# Report Center showing up to those not logged in



## Sephi (Oct 5, 2008)

I accidentally logged out and noticed this







anyone that isn't signed in can see the Report Center in latest discussion box


----------



## B-Blue (Oct 5, 2008)

What's the report center? I've never seen this before?


----------



## Sephi (Oct 5, 2008)

B-Blue said:
			
		

> What's the report center? I've never seen this before?

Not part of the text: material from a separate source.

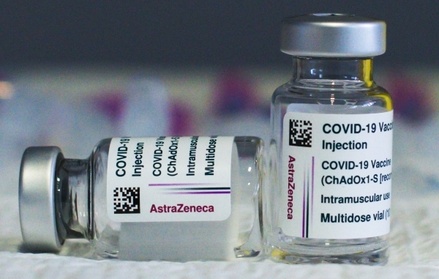 В Великобритании 7 человек умерли после прививки вакциной AstraZeneca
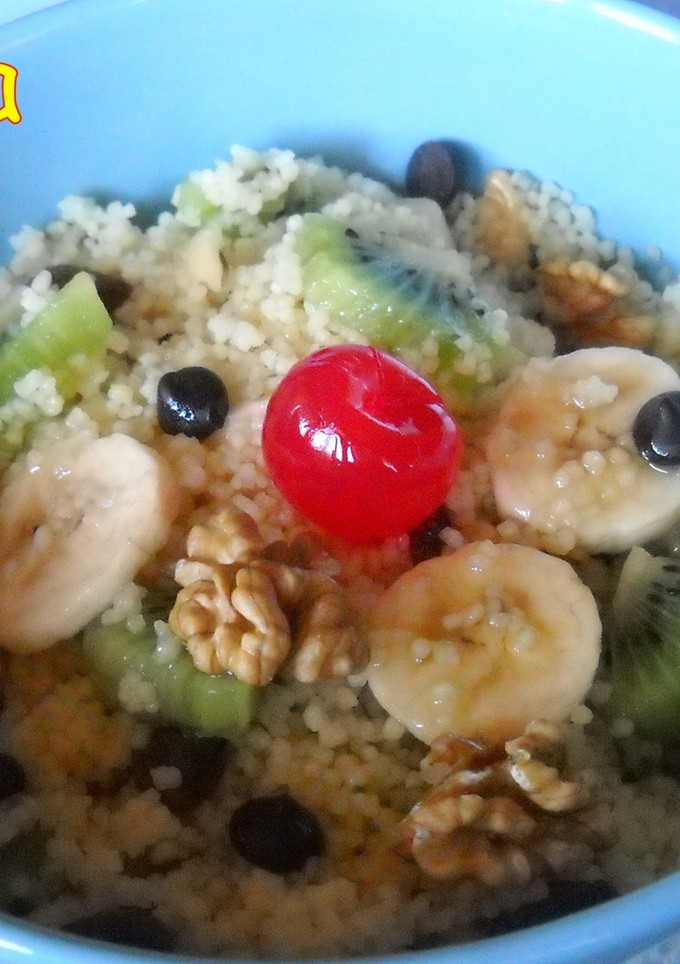Una foto de Frutas con cuscús dulce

It is a special place that only staff can view, when a post is reported, it shows up in that forum as a thread. 

(I think)


----------



## Holaitsme (Oct 5, 2008)

I've actually noticed that too.

B-Blue the report center is where someone reports a rule being broken.


----------



## B-Blue (Oct 5, 2008)

Oh I see ...
I reported my post and logged out, and:


----------



## Sephi (Oct 5, 2008)

B-Blue said:
			
		

> Oh I see ...
> I reported my post and logged out, and:


You're not supposed to report posts that don't break the rules :s


----------



## B-Blue (Oct 5, 2008)

lol I was only testing


----------



## Hehe Moo (Oct 5, 2008)

How do you report a post?


----------



## Sephi (Oct 5, 2008)

Hehe Moo said:
			
		

> How do you report a post?


Using the report button.


----------



## Gaisuto (Oct 5, 2008)

Please don't everyone start reporting their own posts to "test"...
Anyway, we already have this brought to our attention and our local experts are working on it. Thanks for the reminder though.


----------